** Data for analysis follows **
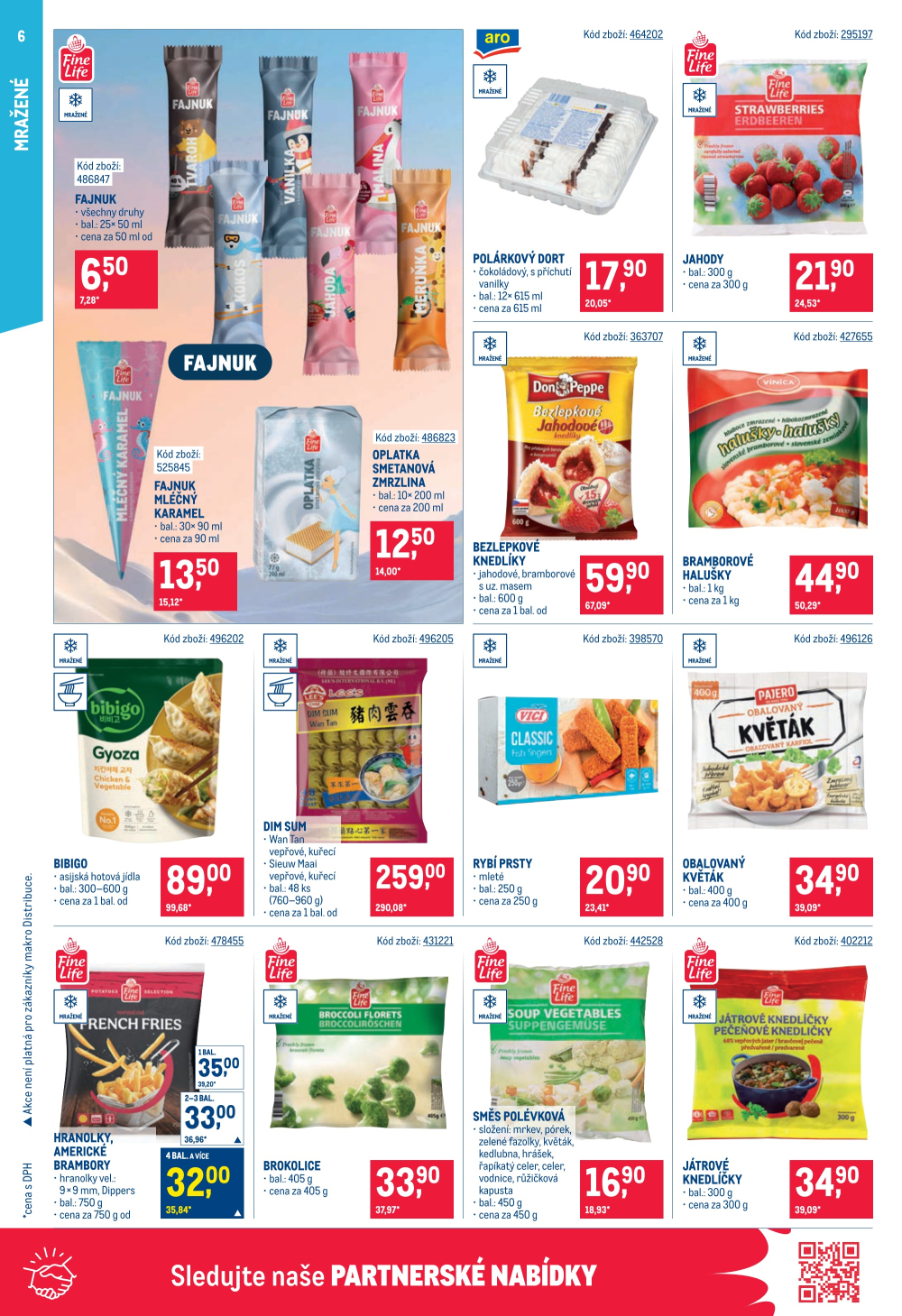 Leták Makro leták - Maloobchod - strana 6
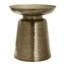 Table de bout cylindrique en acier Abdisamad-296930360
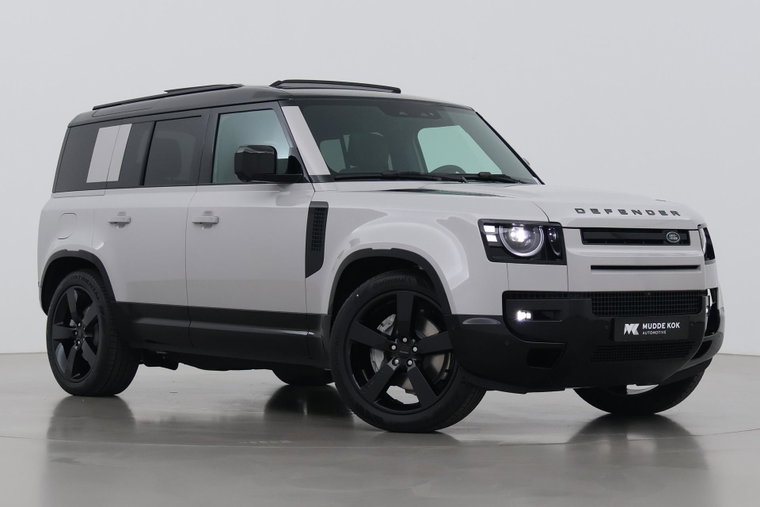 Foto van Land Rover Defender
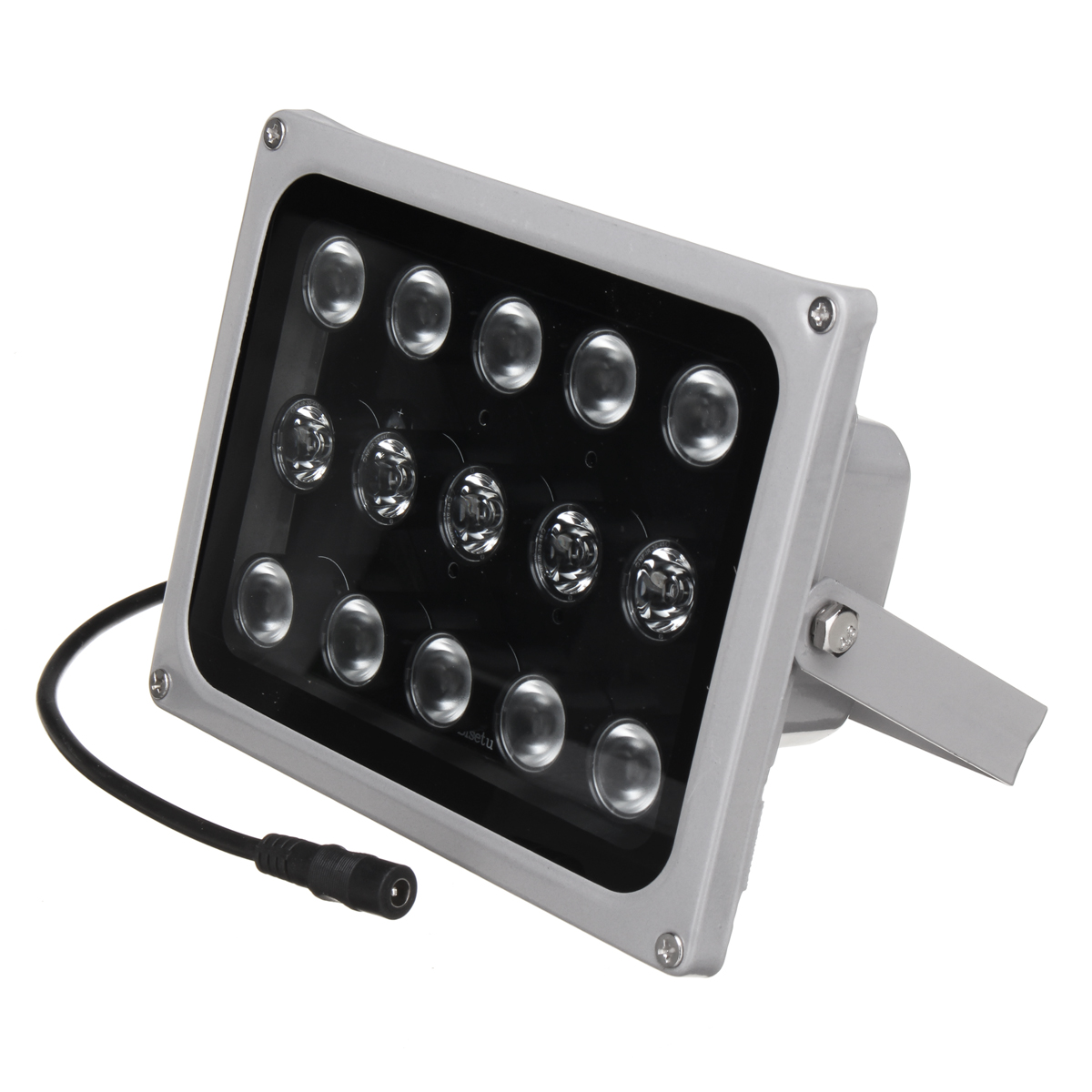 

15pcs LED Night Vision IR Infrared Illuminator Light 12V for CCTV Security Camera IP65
** End of Data for analysis **
** Data for analysis follows **
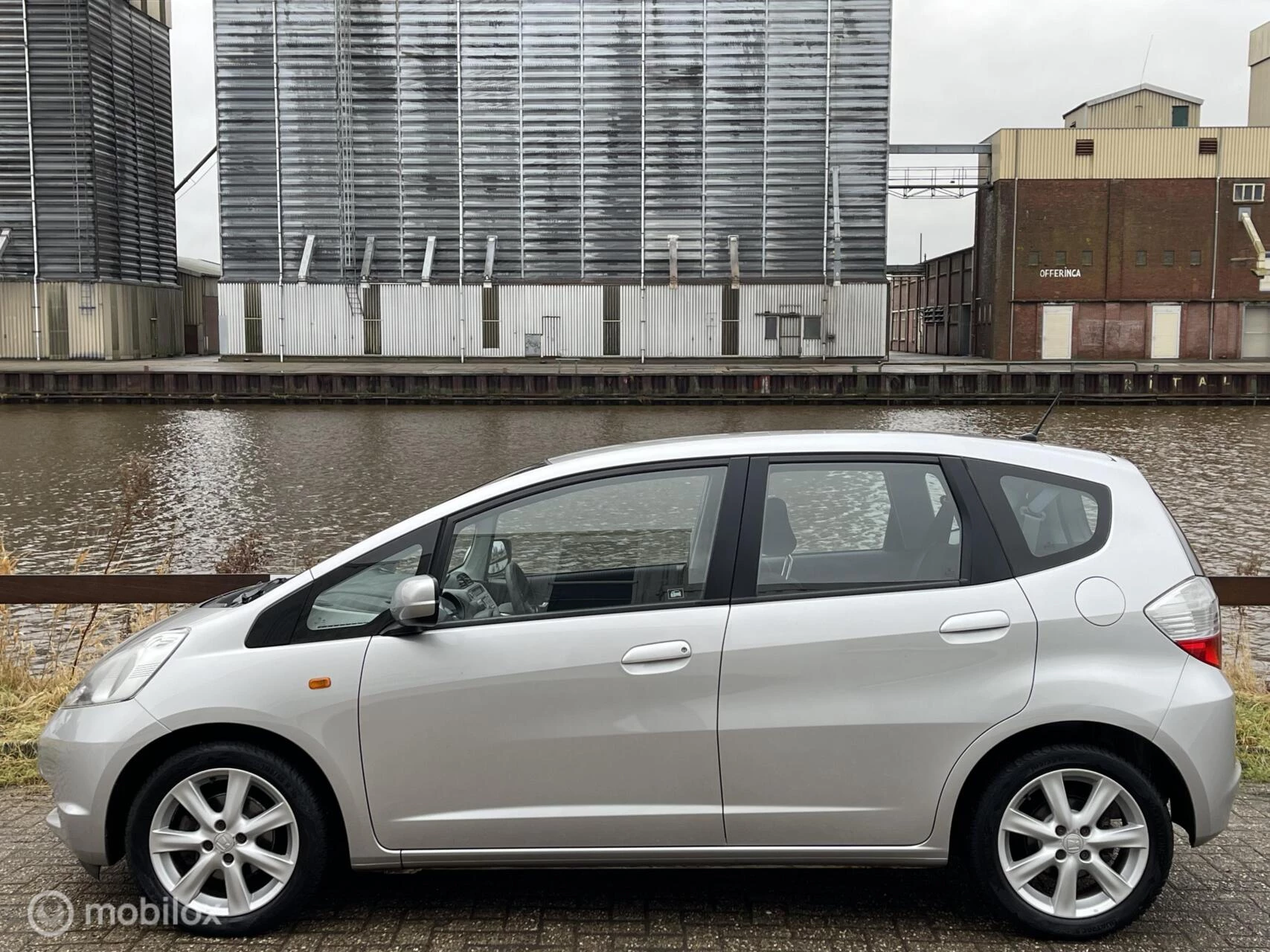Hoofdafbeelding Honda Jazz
** End of Data for analysis **
** Data for analysis follows **
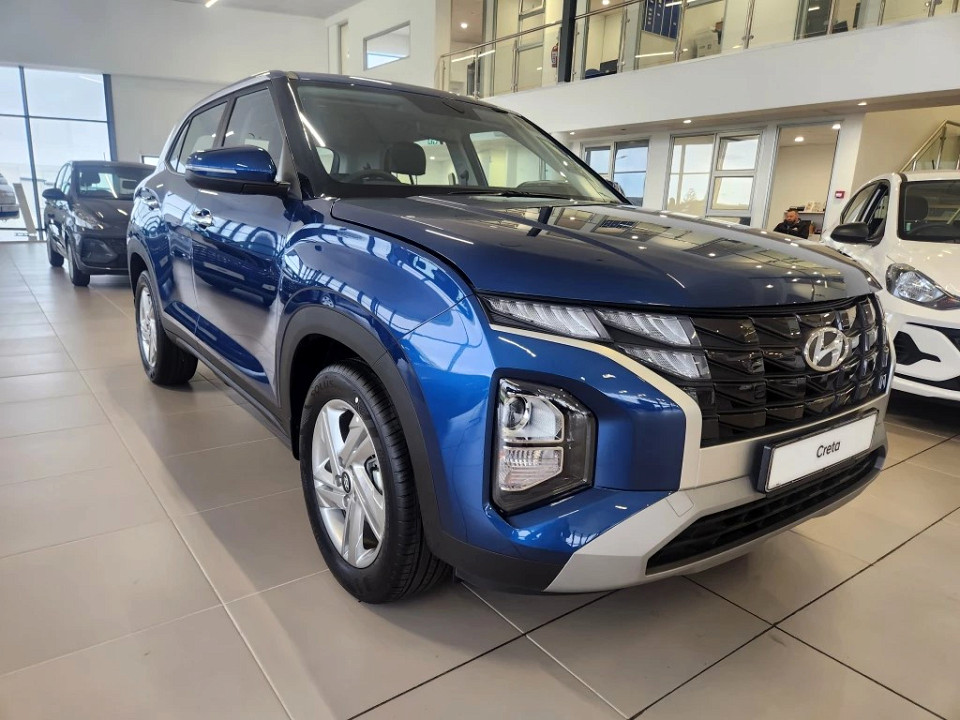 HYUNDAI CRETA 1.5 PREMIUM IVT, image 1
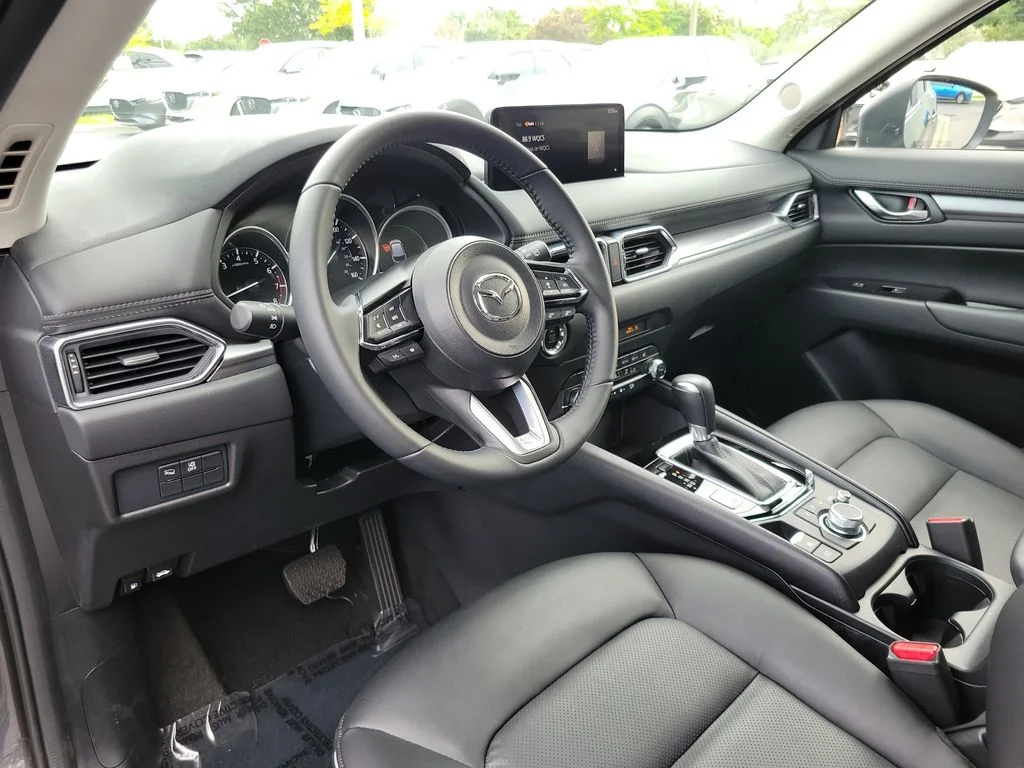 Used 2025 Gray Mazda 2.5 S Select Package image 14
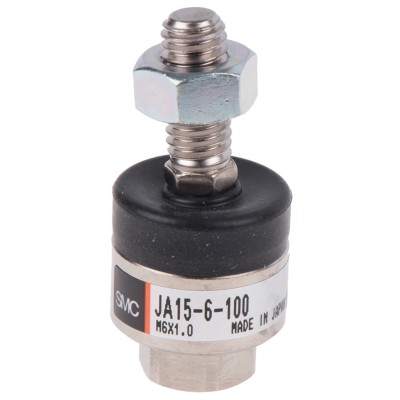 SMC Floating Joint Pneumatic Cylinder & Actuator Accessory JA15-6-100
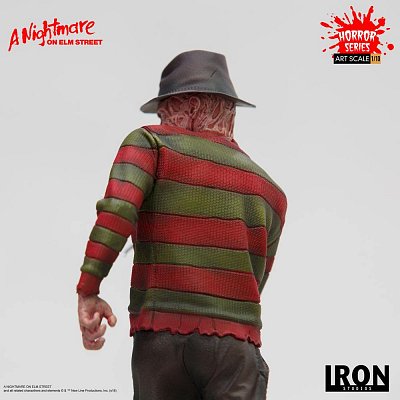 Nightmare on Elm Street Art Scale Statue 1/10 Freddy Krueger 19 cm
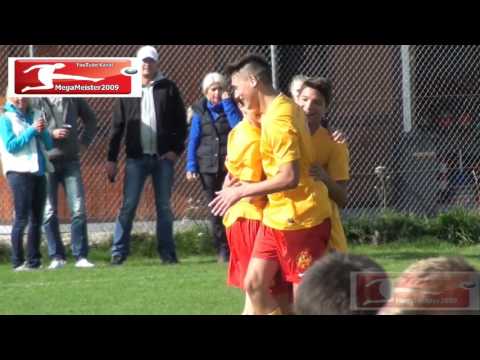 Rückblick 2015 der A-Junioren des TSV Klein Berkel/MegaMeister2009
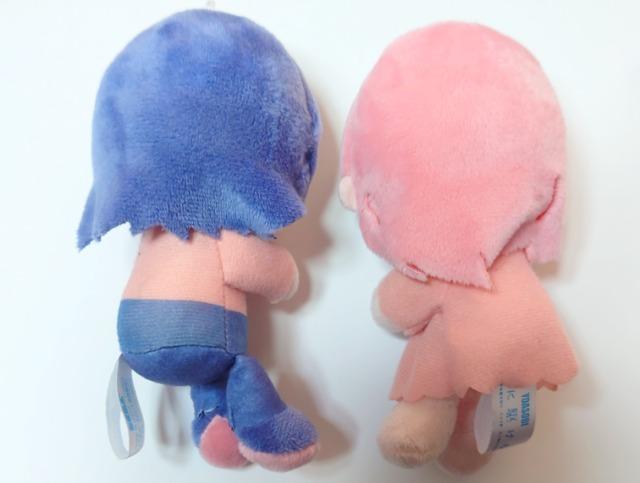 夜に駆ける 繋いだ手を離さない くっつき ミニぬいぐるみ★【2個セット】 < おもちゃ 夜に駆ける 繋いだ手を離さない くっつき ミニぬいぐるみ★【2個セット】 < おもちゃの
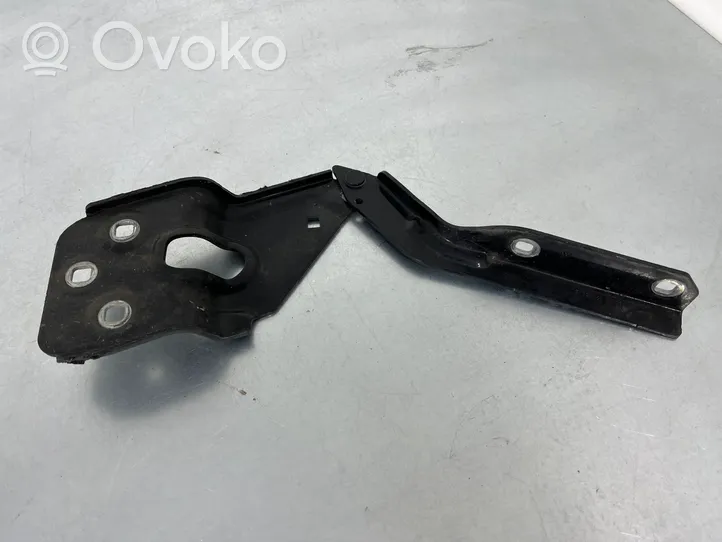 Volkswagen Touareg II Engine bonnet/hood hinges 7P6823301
** End of Data for analysis **
Exercise aim:
Output exactly the stretch of the listing that begins at the line containing "Leták Makro leták - Maloobchod - strana 6" and ends at the line containing "15pcs LED Night", both kept. Omit pictures and everything else.

Output:
 Leták Makro leták - Maloobchod - strana 6
 Table de bout cylindrique en acier Abdisamad-296930360
 Foto van Land Rover Defender

15pcs LED Night Vision IR Infrared Illuminator Light 12V for CCTV Security Camera IP65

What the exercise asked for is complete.